Ready to jump in bed with the storytellers of Crossover 2019?

…to listen to bedtime stories, of course.

Just like bedtime stories that we used to listen to as children, every event creates and shares its own story. A well-told story is an event where the narrator and the listener meet, where the participant and the speaker form a personal bond. Before you come to the hottest conference of the summer, we wanted you to meet our storytellers, to make the storytelling experience even stronger and more engaging.


Q: How are we going to organize events in the future?

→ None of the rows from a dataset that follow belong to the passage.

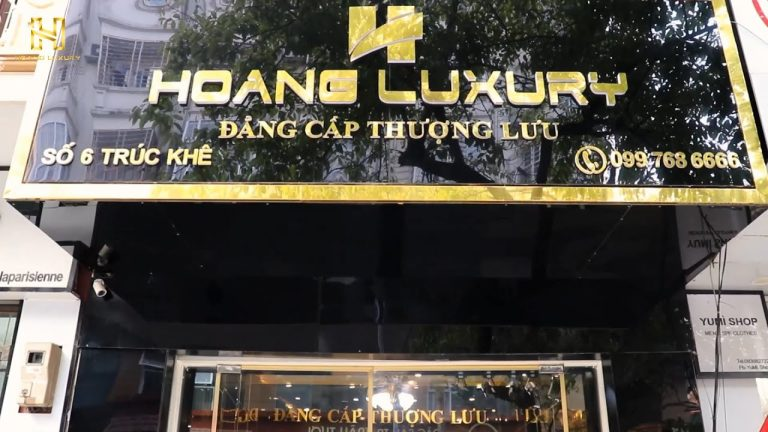 SỐ 6 TRÚC KHÊ, HÀ NỘI - ĐỊA CHỈ SHOWROOM HOÀNG LUXURY UY TÍN | Hoàng Luxury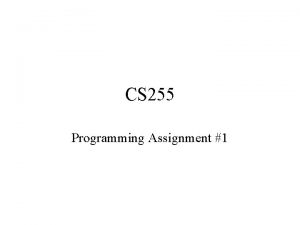 CS 255 Programming Assignment 1 Programming Assignment 1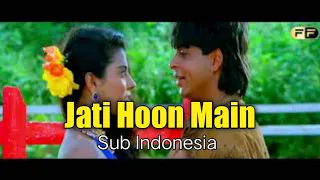 Jati Hoon Main ll Karan Arjun 1995 ll Sub Indo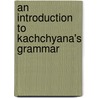 An Introduction To Kachchyana's Grammar door Kaccayana Kaccayana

Events are sometimes a testing ground for various ways of presenting, exchange, interacting, a frame for discussions and networking and so on, and often are the first to promote new technology, showing how it works. There is a certain joy like on fair or in cinema connected to witnessing something new, a new invention, a new way of doing things. That is the fun side of any business. I think that events have started growing not only in numbers, but maturing as well, and when we start thinking about what events could be… when they grow up… It’s tough to say but events are not yet sufficiently explored form. After thousands of years of people gathering on events of different kinds, and that is the available history, the form of event, just like people attending it, hasn’t crucially changed except for the topics, fashion, and the used technology. Not only that we love them the way they are, we just don’t ever think about them outside the practical aspect. Does technology affect the future of events? Sure. Does it affect it more than the unchallenged relation between a speaker and an audience? No, probably a change in our participation level and ways of interaction is more revolutionary, and puts technology where it belongs, in the toolbox. I think that in the world of tomorrow, we might rethink both how and why events are done and look for new ways to realize their reach and possible roles in our society.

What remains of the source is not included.